Tell us, Mary, what you saw! Tell us passionately. Let us contemplate in your eyes what your heart saw! The vocation of an apostle is not worthwhile if it hasn’t lived with your passion!

 

“To Stay” and “Cry”

Mary Magdalene’s vocation is vibrant with love and faith. Faith and love are both necessary: faith gives legs to walk, love gives wings to fly. Faith without love is no risk, but love without faith can get lost at the many crossroads.

And hope is the daughter of both. It is love and faith that bring Mary Magdalene to stay near the tomb, to cry and to hope, although she didn’t know very well what for, as opposed to the two apostles, Peter (figure of faith) and John (figure of love), who keep away from the Tomb.

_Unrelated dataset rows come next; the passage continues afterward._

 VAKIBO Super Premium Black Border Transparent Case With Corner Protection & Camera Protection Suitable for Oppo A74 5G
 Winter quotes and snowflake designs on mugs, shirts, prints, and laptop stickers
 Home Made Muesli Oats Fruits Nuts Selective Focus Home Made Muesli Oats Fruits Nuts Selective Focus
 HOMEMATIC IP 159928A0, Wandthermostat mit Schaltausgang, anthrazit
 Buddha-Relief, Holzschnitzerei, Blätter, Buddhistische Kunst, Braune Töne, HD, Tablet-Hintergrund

The Woman unites both dimensions, “stays” and “cries.” Her “staying” comes from faith, her “crying,” from love. She “stays” because her faith perseveres in the search; she does not lose hope; facing a lack of success, she questions the angels and the gardener, like the Loved One from the Song of Songs. She hopes against all hope! Until, having found her Loved One, love throws her at His feet, embracing them in the vain attempt not to ever let Him leave again (Song 3:1-4).

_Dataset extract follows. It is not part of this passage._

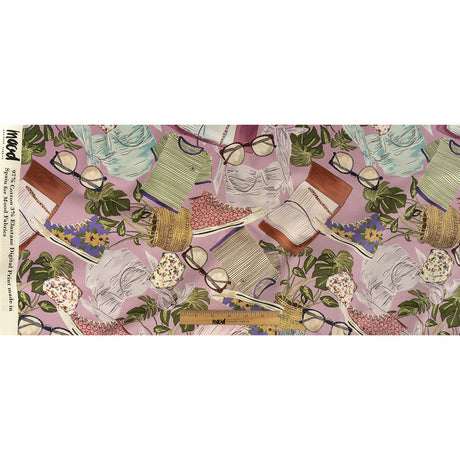 Stretch Cotton Sateen - Lavender Clothes and Plants - Morning Memory Print - Mood Exclusive Wisteria Collection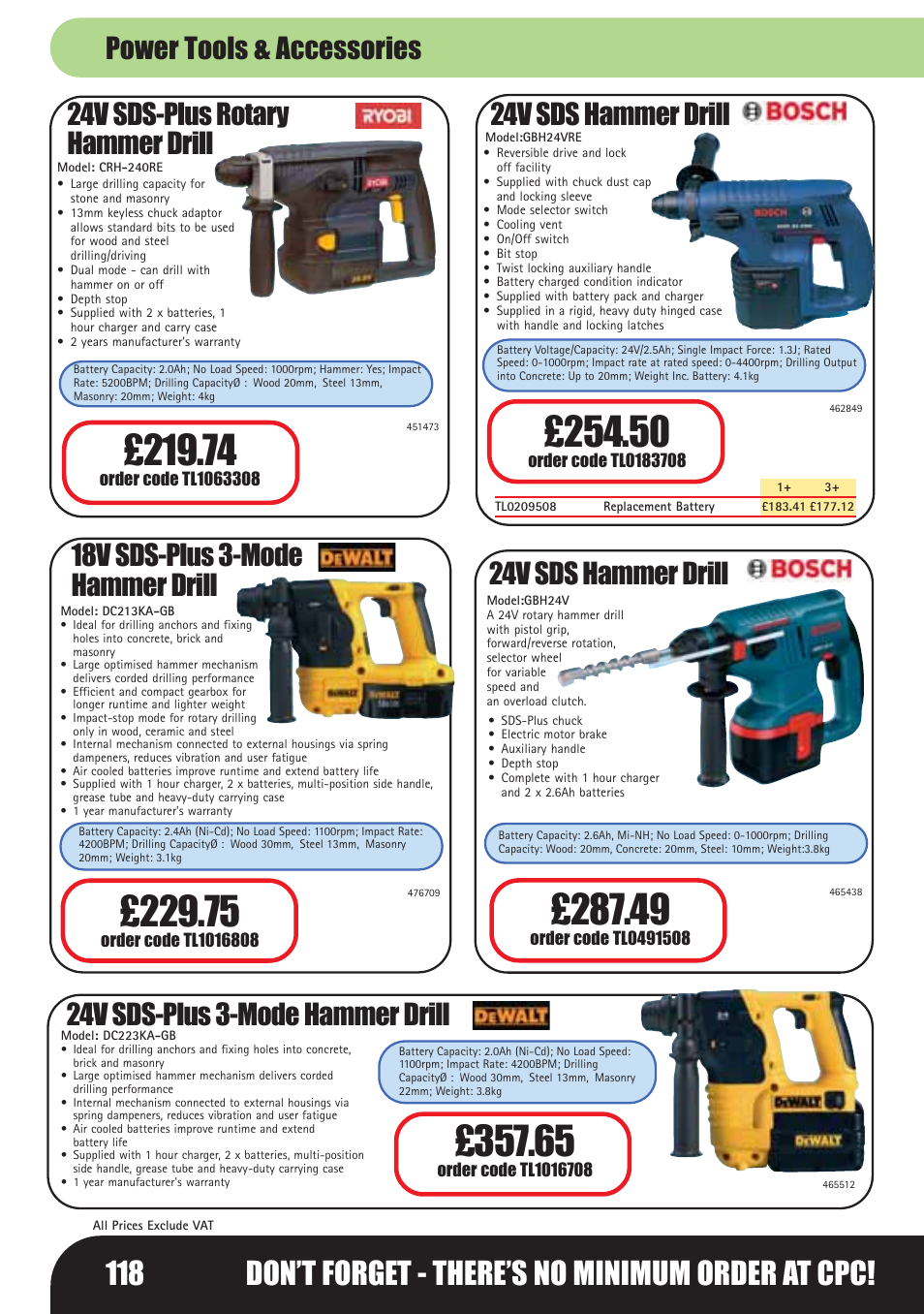 118 don’t forget - there’s no minimum order at cpc, 18v sds-plus 3-mode hammer drill, 24v sds hammer drill | 24v sds-plus rotary hammer drill, 24v sds-plus 3-mode hammer drill, Power tools & accessories | Bosch LHM0610 User Manual | Page 118 / 148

Today, we, apostles and friends of Jesus, on the contrary, easily capitulate in front of the “tomb.” We flee from it! We lack faith to hope that, in situations of death, of emptiness, of failure, life can have a new start. We no longer have faith in “miracles.” There is no room in us to hope for a God capable of “resurrecting the dead.” We hurry to close those “tombs” with the “biggest stone” (Mk 16:4) of our incredulity. Our mission becomes a “desperate” struggle against death. A business condemned to failure because death reigns from the beginning of the world. We then end up dedicating ourselves to the “compassionate work” of “burying the dead,” with or without the special attention of “embalming them,” forgetting we were sent to “resuscitate” them (Mt 10:8). Confronting the “tomb” is the Apostle’s Rubicon, his crossing the Red Sea (Ex 14-15). Without removing the stone of our incredulity to confront and overcome such a terrible enemy, we will not see the Glory of God: “Have I not told you that, if you believe, you will see the glory of God?” (Jn 11:40).

Today, we also have difficulty “crying,” undoubtedly, because we love little. “Crying is the feminine gene,” said Pope John Paul II. Does she love more? “For wherever your treasure is, there will your heart be, too” (Mt 6:21). Magdalene’s heart is in that garden, and that is why she cries. Ours easily forgets its “dead.” Worried about “so many things” to do, it doesn’t have time to “stay” and “cry” with those who are suffering! If our prayer doesn’t know moments of “loud cries and with tears” (Heb 5:7), we should ask ourselves if we aren’t being corroded by indifference. Bit by bit, our heart atrophies, becomes alienated in the activity, incapable of “compassion.”

The audacity to “stay,” to “cry” is not sterile. Mary’s tears call the angels. They are God’s response. They don’t bring back the “corpse” as she requests but, on the contrary, they announce to her, that “He whom your heart loves” is alive! But this heart needs to “see” and “touch” her Loved One. And Jesus gives in, finally, to the insistence of her heart. He goes to find Mary Magdalene. When He calls her by name: “Mariam,” it is then that her heart shakes with emotion, recognizing the Master’s voice. Being called by our name: it is the deepest desire (unconfessed) that we carry in us. Only then will the “person” reach the fullness of his being and be conscious of his identity. Until then, he will be feeling his way! Only then, will he be able to say, with the fire of an impassioned heart: I saw the Lord!” And on that day, like Mary, we will become firsthand witnesses: “Something which has existed since the beginning, which we have heard, which we have seen with our own eyes, which we have watched and touched with our own hands … we saw it and are giving our testimony!” (1 Jn 1:1-4).